Las influencias se mantenían, por supuesto, y para dar nombre al juego y adjudicarle un Mcguffin Andy Hewson (jefe de Turner como distribuidor de los juegos que él programaba) sugirió la idea de inspirarse en el Gran Collar de Snettishan, que Hewson había ayudado a reproducir para su exposición cuando trabajaba en el Museo Británico. De este modo el autor tuvo tiempo para centrarse en reforzar el argumento y mejorar la jugabilidad, lo que no implicaba que Dragontorc, que así se llamaría el nuevo producto, fuese más fácil de jugar o completar que Avalon.
Porque si algo caracteriza a estos dos programas es que son juegos de los ochenta. Lo que a primera vista parece una perogrullada obvia esconde detalles muy a considerar. Si me permiten la analogía, ponerse a los mandos de un videojuego de los ochenta es como conducir a un coche de aquella época u otra anterior, cuyas peculiaridades lo identifican al adaptarse a un contexto de modas y usos propios del momento en que salieron y que van más allá del diseño externo. Se mire como se mire están ahí, son ineludibles y no hay vuelta de hoja: o se toman o se dejan; pero es preciso tenerlas en cuenta a la hora de emitir juicios, para que estos resulten ecuánimes y veraces.
Y si hay una característica que define juegos de los ochenta como Avalon o Dragontorc, ésa es su elevadísima dificultad. Prácticamente inabordable hoy día, en 1984 / 85 se admitía como una moneda de curso legal, imprescindible incluso. Puesto que un ordenador doméstico como el Spectrum apenas llegaba a tener 48 o 128 Kb de RAM en el mejor de los casos, los juegos debían ser forzosamente cortos para caber en un hueco tan pequeño. Los videojuegos eran muy caros, y nadie estaba dispuesto a comprar uno que le fuese a durar tan solo unos pocos días hasta finalizarlo y cansare de él. ¿Solución? Aumentar artificialmente su dificultad rebasando, muchas veces, el limite de lo absurdo.
Ejemplo de videojuego facilón de los ochenta.

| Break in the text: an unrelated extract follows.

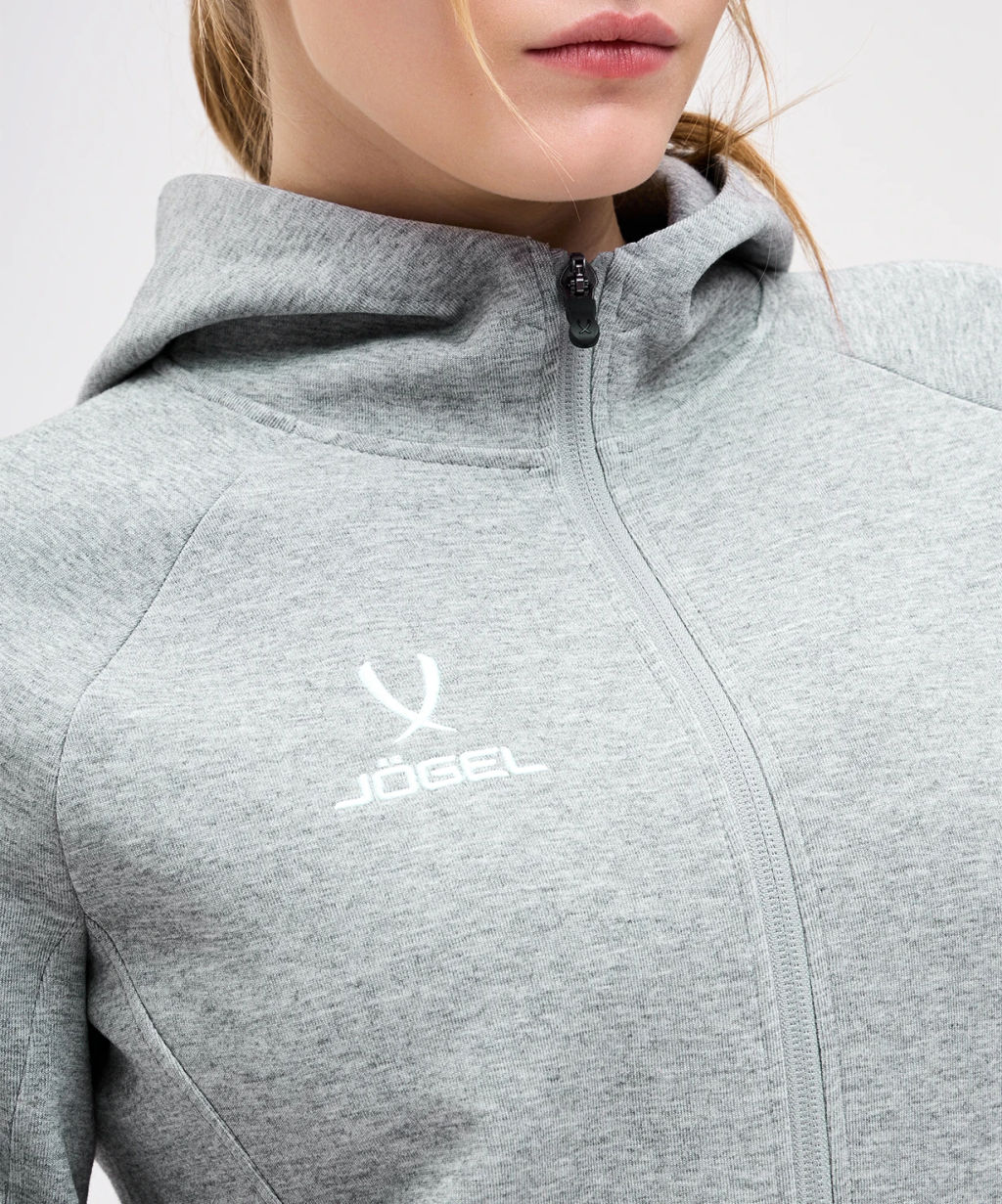 Худи на молнии женское JOGEL ESSENTIAL Athlete Hooded FZ Jacket W, серый  фото 10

En videoaventuras como Avalon y Dragontorc, el truco consistía en obligar al jugador a resolver una concatenación de pequeños puzzles, usando toda clase de objetos desperdigados por el mapa. Era la moda de entonces, y los aficionados a esta clase de programas aceptaban gustosamente enfrentarse a dilemas que por lo general solo podían resolverse mediante prueba y error debido a su falta de lógica, convirtiendo los progresos en ejercicios de tesón, perseverancia… y tiempo. En el Spectrum, el paradigma de estos juegos es la archiconocida Saga Wally, que más que juegos eran tormentos.